# American Flyer. year- 1947 Free To A Good Home



## suzanne odonnell (May 6, 2017)

Hi everyone! I joined this forum because my dad passed away and I have his train. I do not have the engine. It may be in the garage or somewhere. I am looking to give this to someone who can use it or give it to someone starting out. Any suggestions?
American Flyer. year- 1947. I have attached some photos.


----------



## sjm9911 (Dec 20, 2012)

Wow Suzan, someone here will be happy to have that. I'll cross post to the flyer guys.


----------



## suzanne odonnell (May 6, 2017)

Thanks SJM9911. I don't navigate these threads well. Any help is appreciated.


----------



## chevelle454 (Jan 15, 2017)

I'm interested. Please email me at [email protected].


----------



## Old feller (Mar 30, 2012)

Suzanne, If the switches are not taken I am interested. Ken at 
[email protected] 
Thanks


----------



## flyernut (Oct 31, 2010)

I would be interested in the track and cars, if possible.. E-mail is [email protected] Thank you. I still have my Dad's first train set from 1927, so I know how sentiment works.. Thanks for offering these treasures.. My zip is 14589...And of course, I pay shipping costs.


----------



## T-Man (May 16, 2008)

Sue you are all heart. :appl:


----------



## mopac (Feb 24, 2011)

Congrats to the person or persons that got this neat stuff. I saw the post way to late.
Suzanne, very cool of you to give the stuff away. It will be much appreciated by the guys here.

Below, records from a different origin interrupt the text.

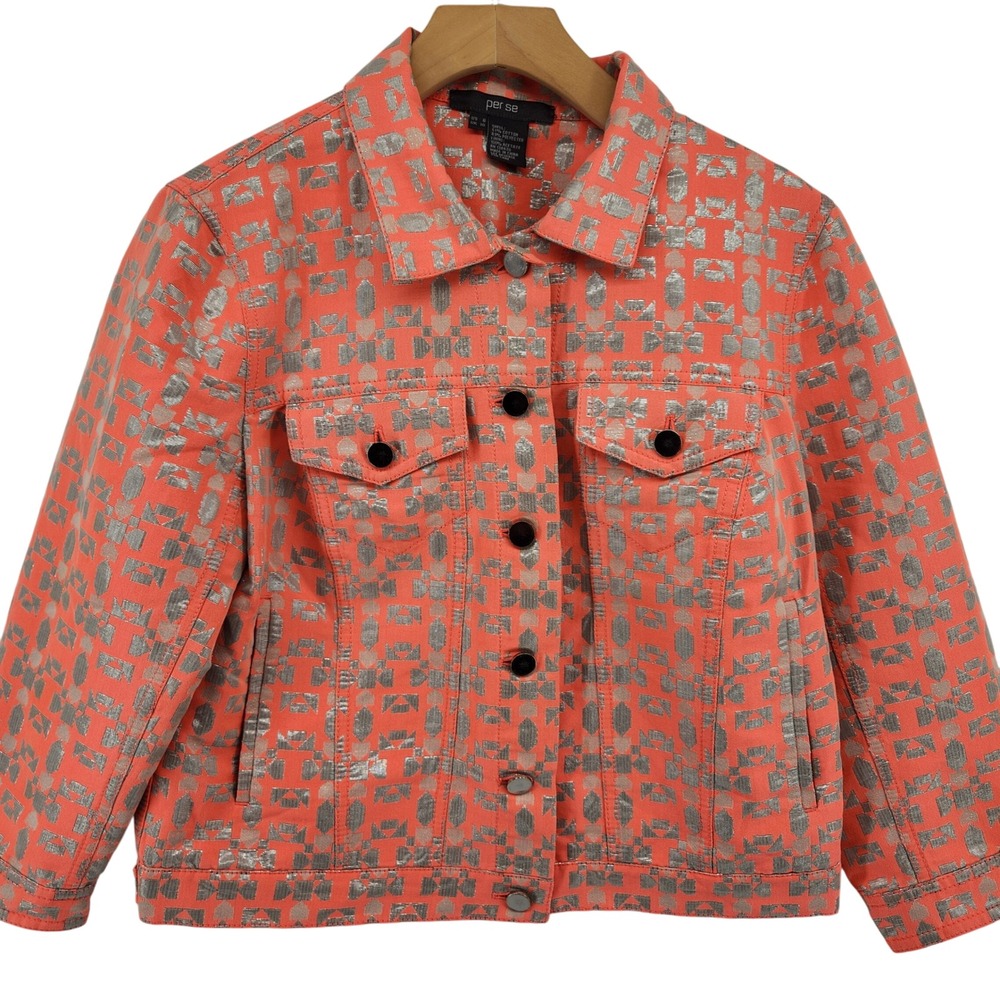 Per‎ Se Trucker Jacket Womens Size 8 Coral Metallic Jacquard Geometric Print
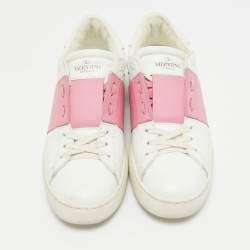 Valentino White/Red Leather Rockstud Lace Up Sneakers Size 39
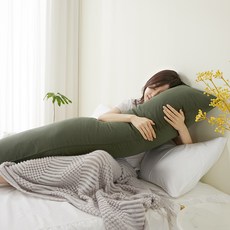 KIT HOME 如絲綢般柔軟的竹纖維身體抱枕 + 防塵蟎超細纖維枕芯, 卡其色, 1個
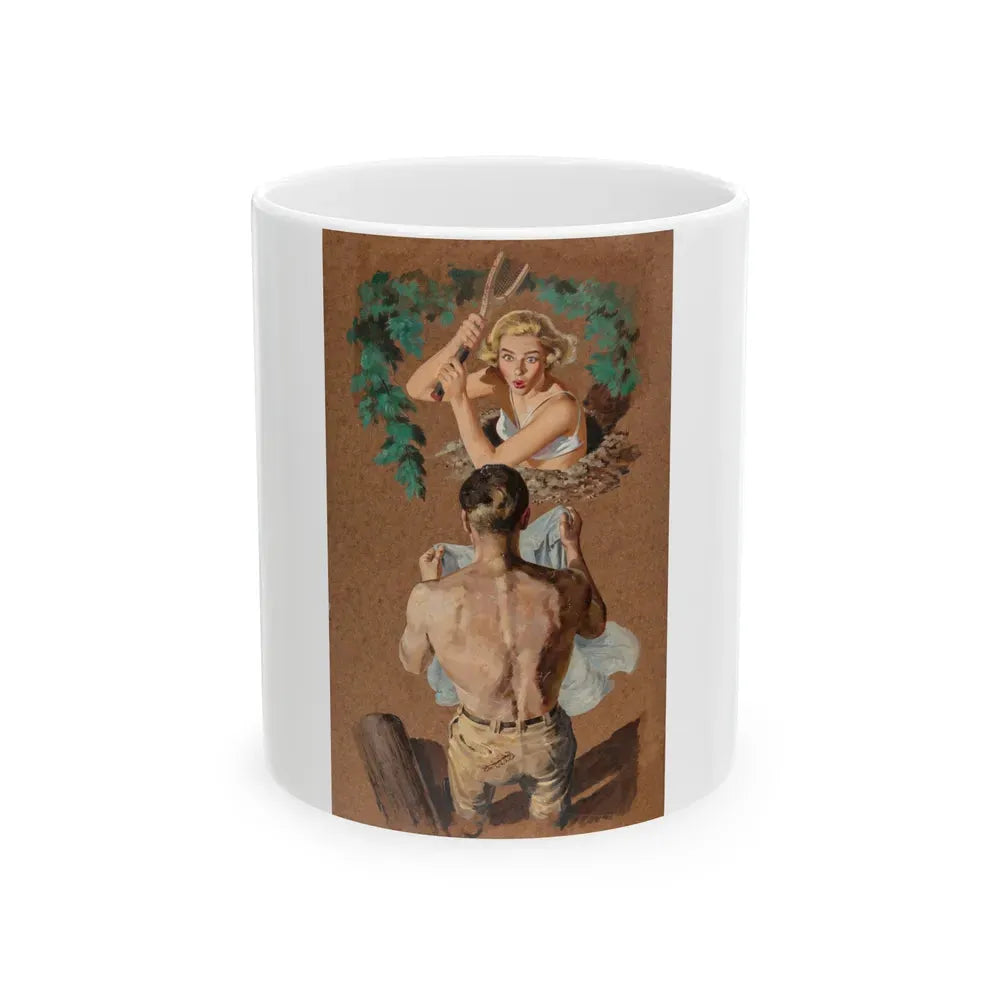 Girls Are Where You Find Them, The Saturday Evening Post interior illustration, January 1953 - White Coffee Mug 11oz - Go Mug Yourself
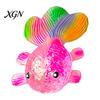 Anxiety Relief Toy Rainbow Tail Goldfish Squeeze Stress Clear Glitter Fish Sensory Portable Reliever Soft Stretchy Shape Home Office Desk Ball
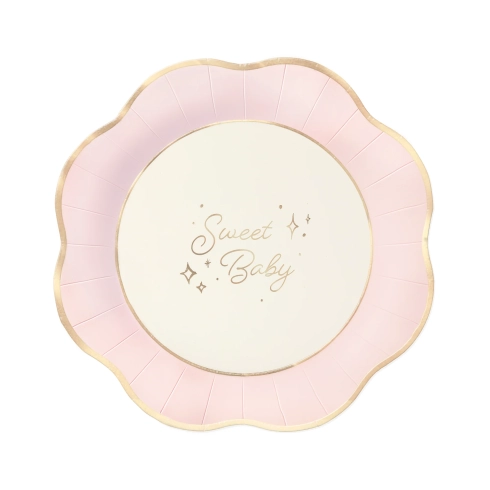 Papirnati party krožniki Sweet Baby roza, 6 kosov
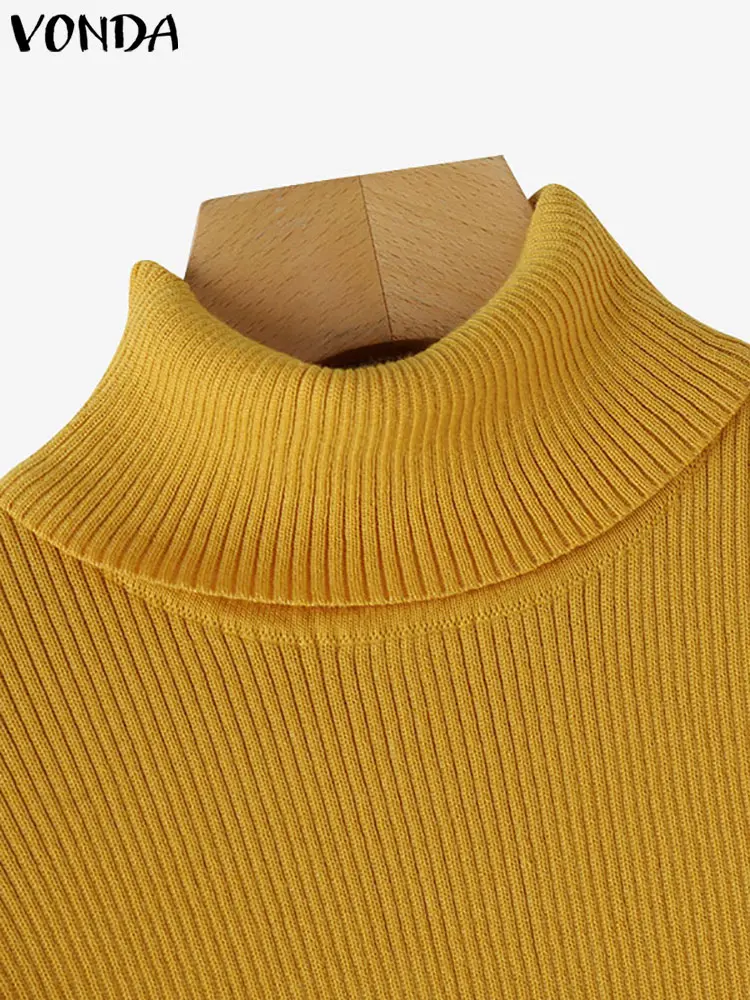 VONDA Autumn High Neck Women Knitted Sweaters 2024 Casual Winter Basic Sweaters Fit Blouse Elegant Knitwear Jumpers Pullover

Sorry about your dad passing. Never an easy thing. Your dad would be glad his stuff is back in use.


----------



## flyernut (Oct 31, 2010)

Here's hoping "Dads" trains went to someone who can put them to good use. If they're still available, please eliminate me from any considerations.. I already have enough trains, and someone else could surely use them... Thanks for offering them though to the great people here.:appl:


----------